A lot of embedded folks are now putting DOS into ROM - a subject I know will see a lot of discussion at the upcoming Embedded Systems Conference. With the 386 you can run DOS as a task in its own segment, and run other applications concurrently.
Finally, protected mode really does protect your code. With the right segmentation, you'll never, and I mean never, see a rogue program overwrite the code. This could be important in medical and other life-critical applications.
For those wishing to explore the mysteries of this processor in more detail, be sure to get the complete set of Intel reference manuals.
Intel's "Microprocessors" manual (mine is dated 1990) contains a pretty complete hardware and software description of the part, but is definitely not for the faint hearted. It is complete but succinct.
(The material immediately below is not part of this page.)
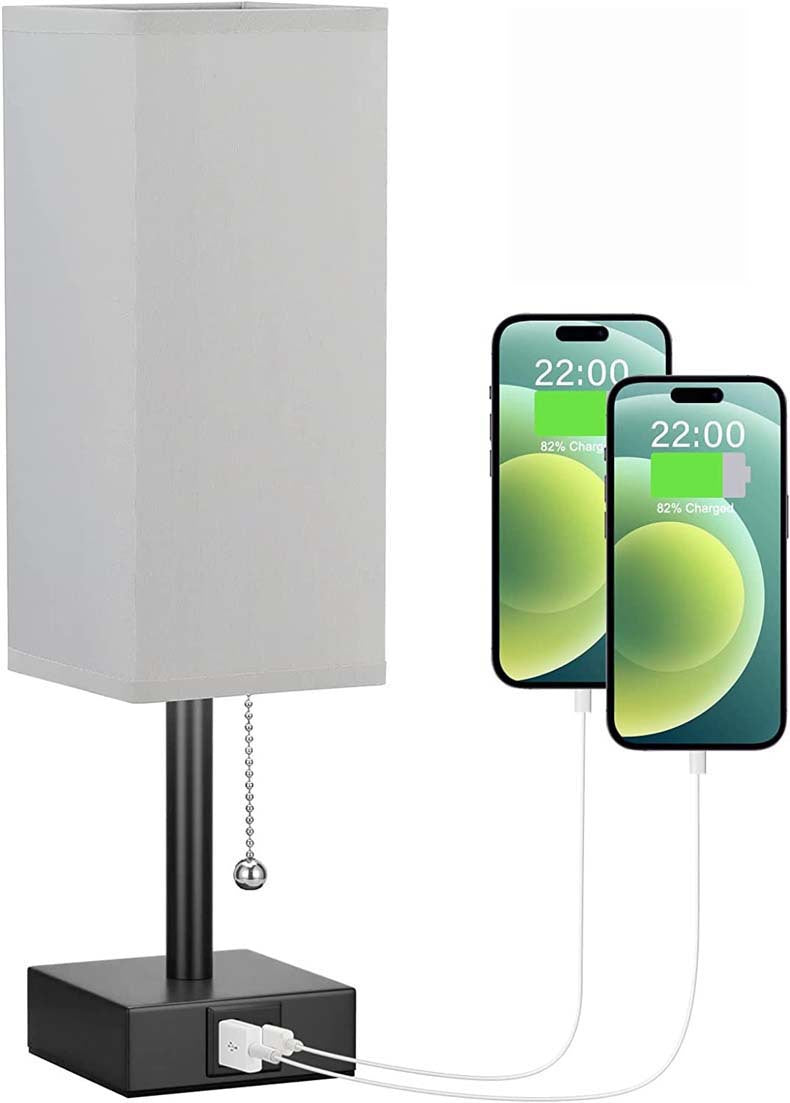 Linen 90 square desk lamp zipper switch three color temperature variable light A+C USB charging Julia M Home & Kitchen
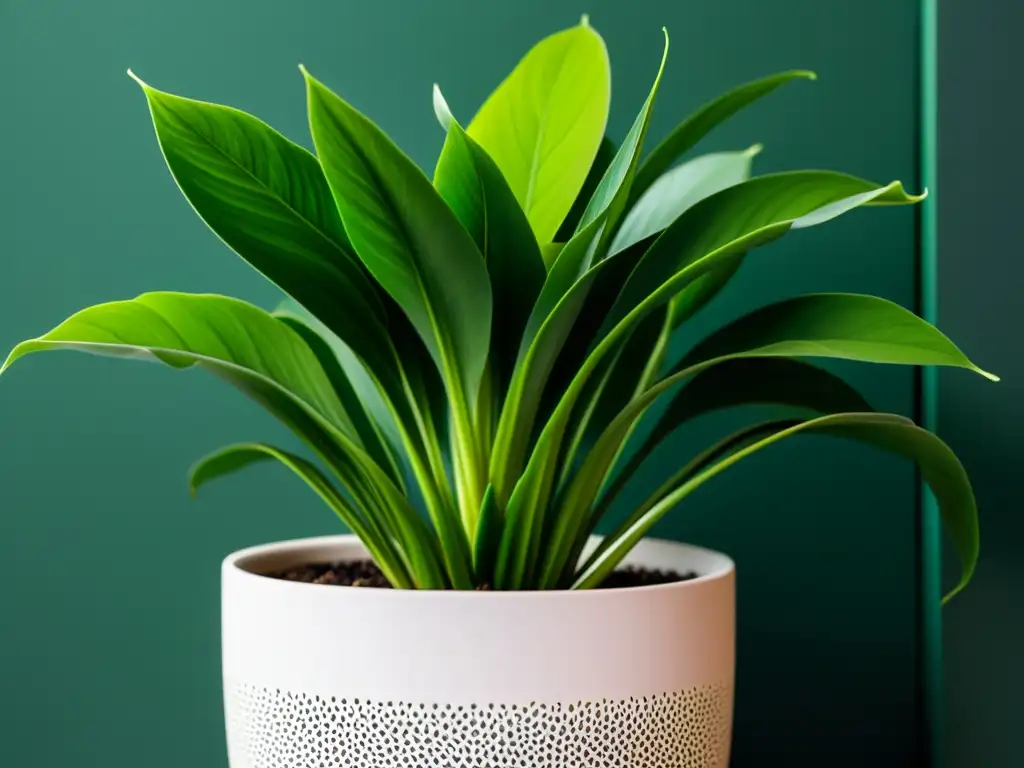 Técnica avanzada cuidado plantas interiores: Una exuberante planta de interior en maceta minimalista, bañada por suave luz natural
Their "386 DX Microprocessor Programmer's Reference Manual" is far more readable, but neglects all hardware issues. It gives a pretty readable account of the operation of all of the processor's major modes. This is a must read for serious 386 users.
Intel's "80386 System Software Writer's Guide", though thin, does include lots of sample code, including routines to enter and exit protected mode. It is a good adjunct to the Programmer's Reference Manual.
Finally, the "80386 Microprocessor Hardware Reference Manual" helps explain how to design hardware that will really work with the 386. This is not a trivial problem, as the CPU can get out of sync with it's bus cycles - you have to build a sort of state machine to determine what it is doing when. Even adding wait states is a bit challenging.